In most cases, the terms are arranged with close-cousins being adjacent to each other; but the key idea is not about their placement, as much to understand that just like a rainbow wouldn’t be complete without ‘green’ or ‘red’, comprehensive data protection wouldn’t be complete without all of the colors shown here (including an underpinning of deduplication).
Folks need to stop arguing the merits of one color versus another; and start thinking about what types of recoverability that your organization needs:
- If you need to quickly recover to near current points in time, utilize snapshot technology(s)
- If you need to recover data selectively (on en masse) to a range of previous timeframes, use traditional backups
- If you need to preserve data for content-specific purposes, implement archiving
- If you need data to be in more than one location, replicate it
- If that remote data needs to be accessible, leverage the replicated copies for BC/DR
- And if the data must be accessible all of the time, ensure that usability through high availability mechanisms
And of course, all of those mechanisms are best served when the data is deduplicated within each color and throughout the spectrum.
The real keys to a contemporary data protection strategy, with all of the colors represented, are to:
- Manage the spectrum of data protection methods through an integrated or unified policy/monitoring interface, so that each color isn’t creating its own copies, on its own schedule, with its own storage.
- Reduce the number of copies (or copy fragments) across your environment through deduplication and consolidation of the data stores, so that you have less storage footprint providing a broader range of recovery points across the various colors. And remember that ‘storage’ may appear as deduplicated disk, primary storage, long-term tape or cloud-repositories — with assuredly most, if not all, of them in your rainbow.
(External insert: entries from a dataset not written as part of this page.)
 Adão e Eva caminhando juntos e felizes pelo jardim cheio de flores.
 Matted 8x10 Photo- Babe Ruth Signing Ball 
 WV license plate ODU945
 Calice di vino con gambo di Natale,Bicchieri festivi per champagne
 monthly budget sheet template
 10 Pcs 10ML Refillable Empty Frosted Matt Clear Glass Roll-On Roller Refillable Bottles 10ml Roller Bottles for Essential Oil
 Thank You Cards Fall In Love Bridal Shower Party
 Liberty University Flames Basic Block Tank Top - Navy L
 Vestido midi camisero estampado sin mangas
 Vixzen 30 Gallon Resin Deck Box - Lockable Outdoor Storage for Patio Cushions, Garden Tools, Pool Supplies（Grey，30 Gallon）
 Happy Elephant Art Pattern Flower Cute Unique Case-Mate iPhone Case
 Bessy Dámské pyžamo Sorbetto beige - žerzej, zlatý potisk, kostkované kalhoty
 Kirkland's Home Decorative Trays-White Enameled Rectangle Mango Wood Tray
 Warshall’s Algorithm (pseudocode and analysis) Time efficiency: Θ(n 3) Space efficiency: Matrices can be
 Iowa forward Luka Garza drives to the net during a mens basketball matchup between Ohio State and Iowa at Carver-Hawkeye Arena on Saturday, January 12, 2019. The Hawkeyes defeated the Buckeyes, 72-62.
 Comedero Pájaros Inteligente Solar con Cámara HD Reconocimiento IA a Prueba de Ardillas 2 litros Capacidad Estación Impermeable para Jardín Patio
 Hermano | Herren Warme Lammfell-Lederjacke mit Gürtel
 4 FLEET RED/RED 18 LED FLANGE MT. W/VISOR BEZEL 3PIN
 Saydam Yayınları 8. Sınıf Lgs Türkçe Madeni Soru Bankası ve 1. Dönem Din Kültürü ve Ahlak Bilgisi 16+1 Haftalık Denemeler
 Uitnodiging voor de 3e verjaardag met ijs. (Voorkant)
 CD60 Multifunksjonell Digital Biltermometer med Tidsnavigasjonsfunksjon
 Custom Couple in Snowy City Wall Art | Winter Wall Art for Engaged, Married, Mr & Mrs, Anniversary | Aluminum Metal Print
And perhaps most importantly, don’t start your data protection strategy planning with an assessment of what your current technologies offer. Instead, start with the end goals (colors) in mind, with a business assessment of why each core workload needs whichever types of protection. And then assess your current and alternative technologies against their ability to deliver the colors in a cohesive way – and their ability to be managed and store data in a unified perspective.
After all, have you ever seen a rainbow where the colors were mostly parallel, but somewhat overlapping, with gaps in-between some colors and other colors shooting off in different directions?!
As always, thanks for reading.